╔══

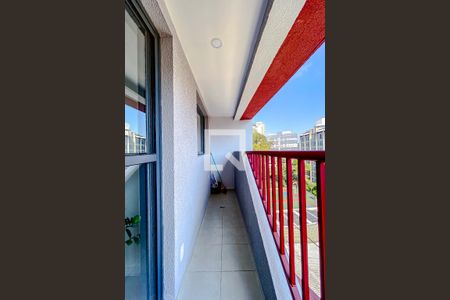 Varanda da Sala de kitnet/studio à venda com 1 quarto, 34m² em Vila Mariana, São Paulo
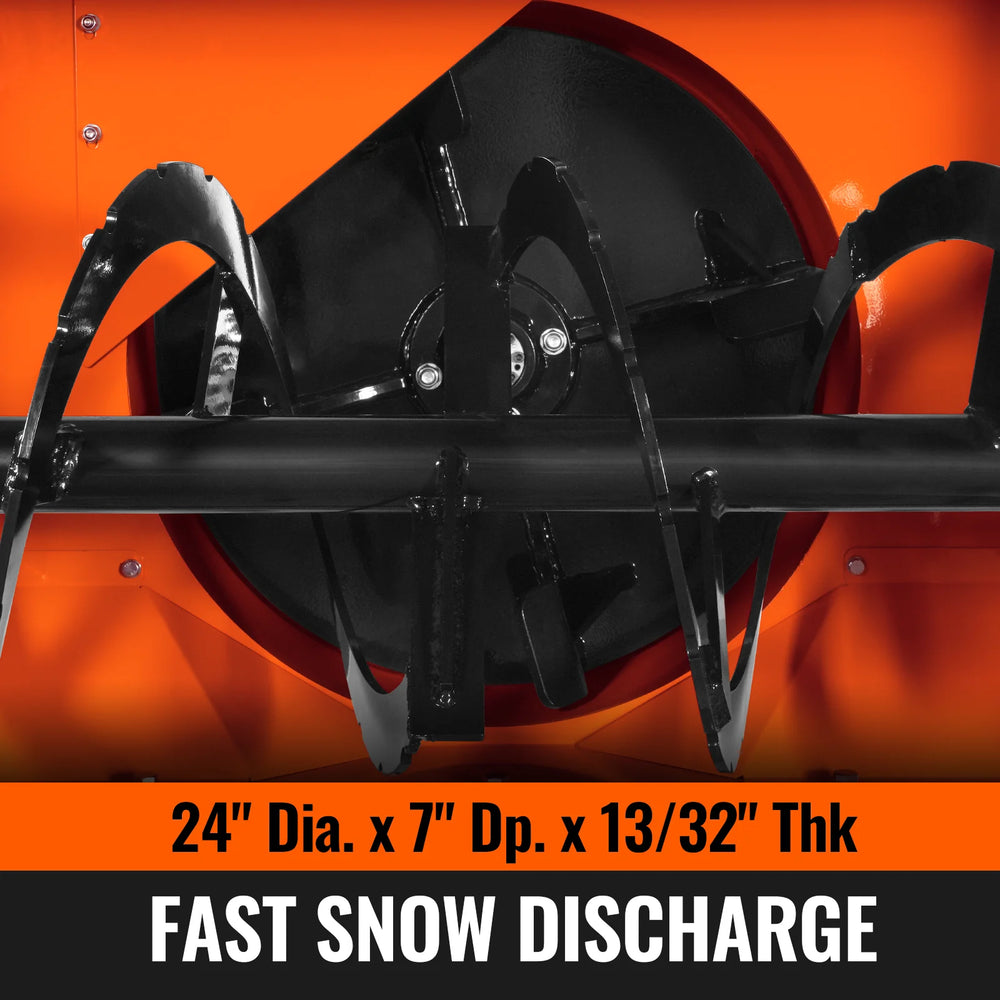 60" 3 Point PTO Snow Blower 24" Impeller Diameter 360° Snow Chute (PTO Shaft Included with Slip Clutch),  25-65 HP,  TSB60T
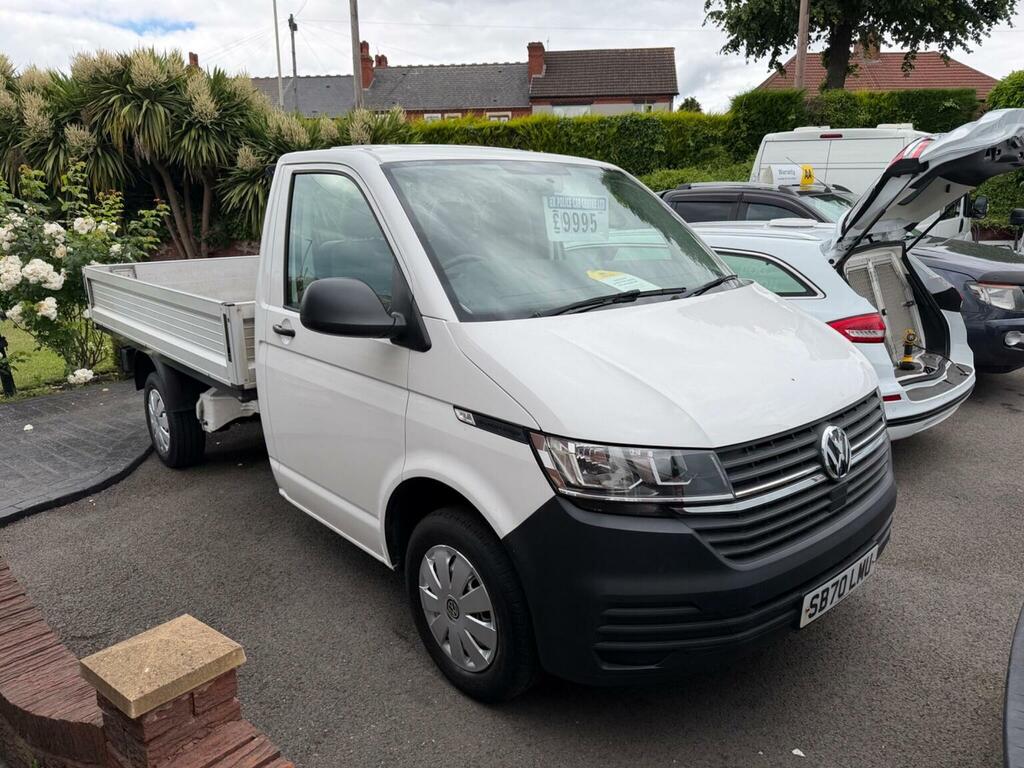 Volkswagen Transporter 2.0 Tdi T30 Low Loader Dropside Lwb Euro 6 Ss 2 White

╚══
╔══

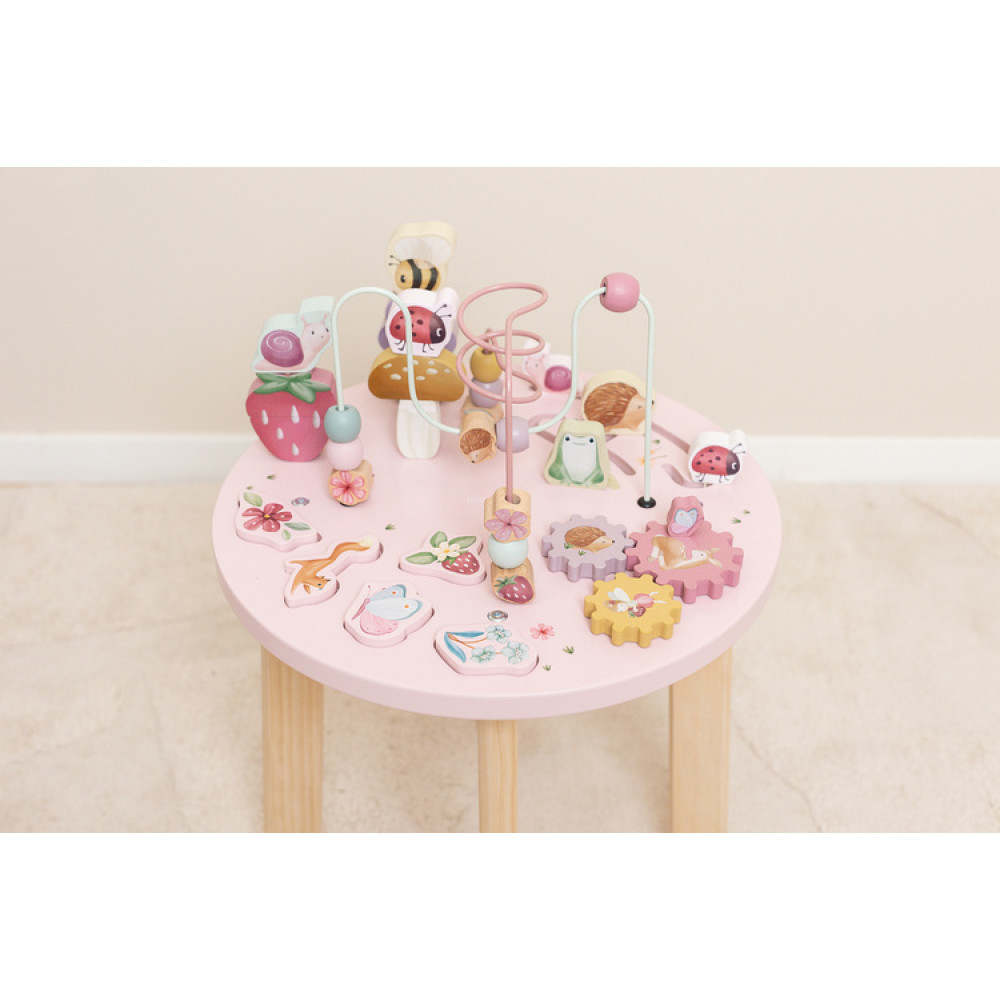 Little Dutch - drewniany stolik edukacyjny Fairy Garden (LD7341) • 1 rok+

╚══

What the exercise asks. Copy needed, without pictures: the lines of the listing above from the line containing "3 Point PTO" up to and including the line containing "Volkswagen Transporter 2.0", set down exactly.

Solved problem.
 60" 3 Point PTO Snow Blower 24" Impeller Diameter 360° Snow Chute (PTO Shaft Included with Slip Clutch),  25-65 HP,  TSB60T
 Volkswagen Transporter 2.0 Tdi T30 Low Loader Dropside Lwb Euro 6 Ss 2 White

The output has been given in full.